Metabolism is the functional activity of all living cells, and thus this reflects the health status of an organism. Therefore the ability to measure global metabolism in quantitative detail is of fundamental importance in all aspects of biology. Metabolomics is the technical means to carry out global analyses of metabolism, via the ability to identify and quantify a large fraction of all of the metabolites present in a cell, and how they change in response to perturbations. This therefore requires high-end analytical instrumentation, of which mass spectrometry and NMR together are the most appropriate technologies. Furthermore, at CREAM, a particular emphasis is on measurements of metabolic rates and changes by tracing individual atoms though metabolic pathways, via the agency of Stable Isotope Resolved Metabolomics (SIRM) an approach pioneered by the directors of CREAM. Environmental factors come into play both at the extrinsic level (macroenvironment) as represented by diet and pollutants for example, and local environments (microenvironment) as represented by the conditions prevailing outside cells in tissues.

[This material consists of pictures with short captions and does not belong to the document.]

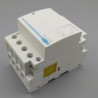 TOCT1 4P 40A 4NO AC CONTACTOR DIN RAIL AC COIL 220VAC CONTACT 400VAC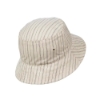 Slika Bucket Hat šeširić, Pinstripe - Elodie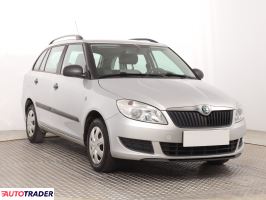 Skoda Fabia - zobacz ofertę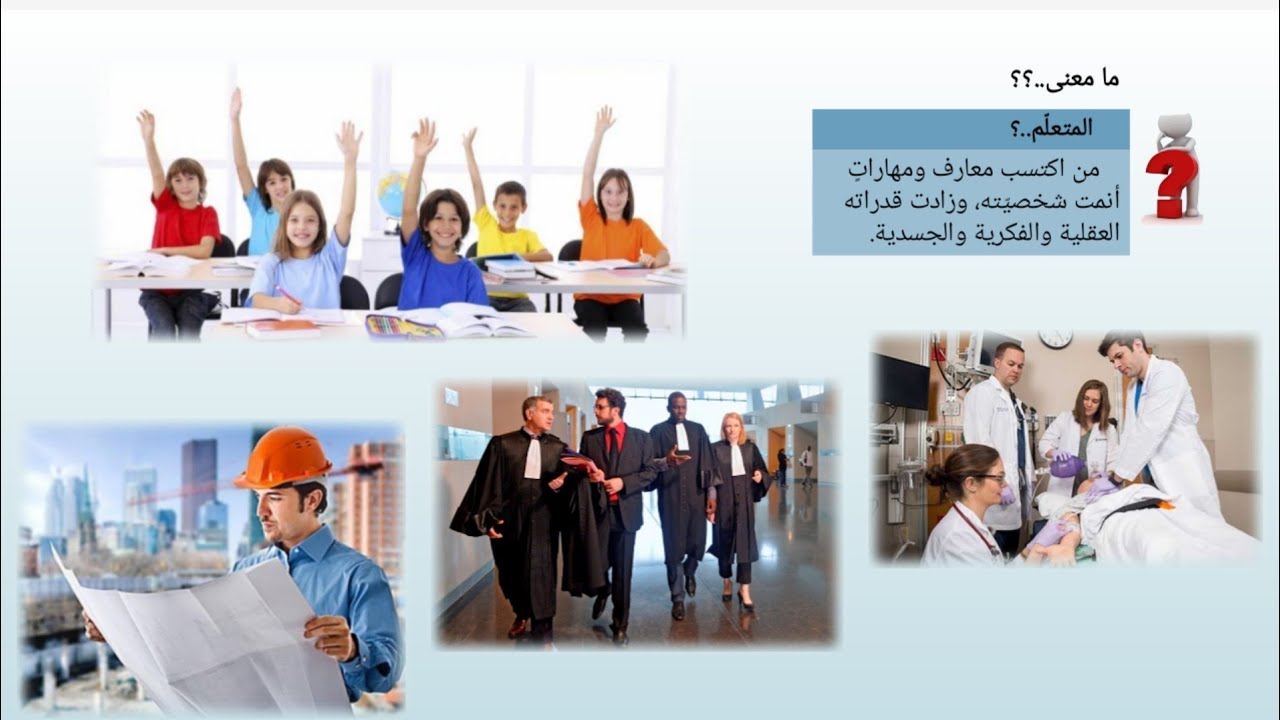 التعليم للتنمية والعمل - القسم الثاني - الصف التاسع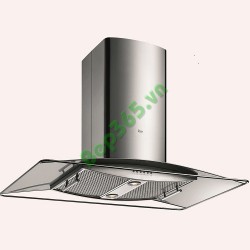 Máy hút mùi đảo Teka ND Alada Isla S/Steel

The major focus has always been, and will continue to be, inclusion of CREAM as a Core Facility in major multi-investigator proposals, as well as support to obtain preliminary results to improve the competitiveness of extramural proposals. Instrument service of non-metabolomics proposals and grants was advised against by the NSF/EPSCoR external advisory committee, nevertheless CREAM, via the MSSC, has supported the UofL community in across a wide variety second-priority tier (non-metabolomics) research. In the last five years, CREAM has been an important component in a large number of individual and multi-investigator federal and state grant proposals, both within the University and with external collaborators. The Institute welcomes such collaborations, which form part of its overall mission to promote metabolomics research.

Since its inception, CREAM has supported more than $22M in grant funding (>$21 M federal), more than 100 publications and 130 abstracts since 2008 arising from research involving the technology. The research is also disseminated by invited seminars given at institutions or national and international conferences.